Ulrich Frank (born 1958) is a German Business informatician and Professor of Business informatics at the University of Duisburg-Essen, known for his work on the state of the art in information systems research and the development of the Multi-Perspective Enterprise Modeling (MEMO) meta modelling framework.

== Life and work ==
After studying business administration at the University of Cologne, Frank in 1988 received his doctorate from the University of Mannheim with a dissertation, entitled "Expertensysteme – Neue Automatisierungspotentiale im Büro- und Verwaltungsbereich" (Expert systems - New Potentials for automation in office and administration area).

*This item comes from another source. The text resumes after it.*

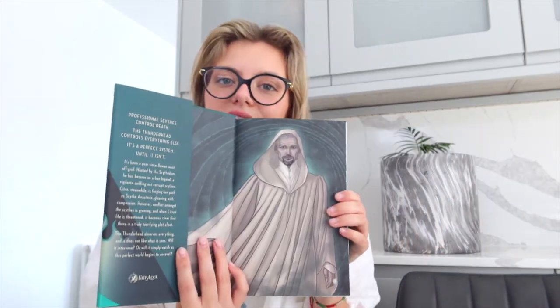So this is Thunderhead, the second book — green theme, still shiny, still has these details on the back, and then the spine has this person on it. Inside the front we have this man; inside the back we have this lady. Oh, she looks cool! Preliminary thoughts: I think I'm going to like that lady.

Frank wrote his habilitation in 1993 at the University of Marburg, and was appointed Professor of computer science at the University of Koblenz-Landau in 1994. In 2004 Frank moved to the University of Duisburg-Essen, where he was appointed Professor of computer science and business enterprise modeling.

The focus of Frank's work is on multi-perspective enterprise modeling. He has developed and researched the (meta-) method Multi-Perspective Enterprise Modeling (MEMO), which propagates a scientific approach of enterprise modeling and adds value in the discourse of integrative modeling, across the functional areas of business functions.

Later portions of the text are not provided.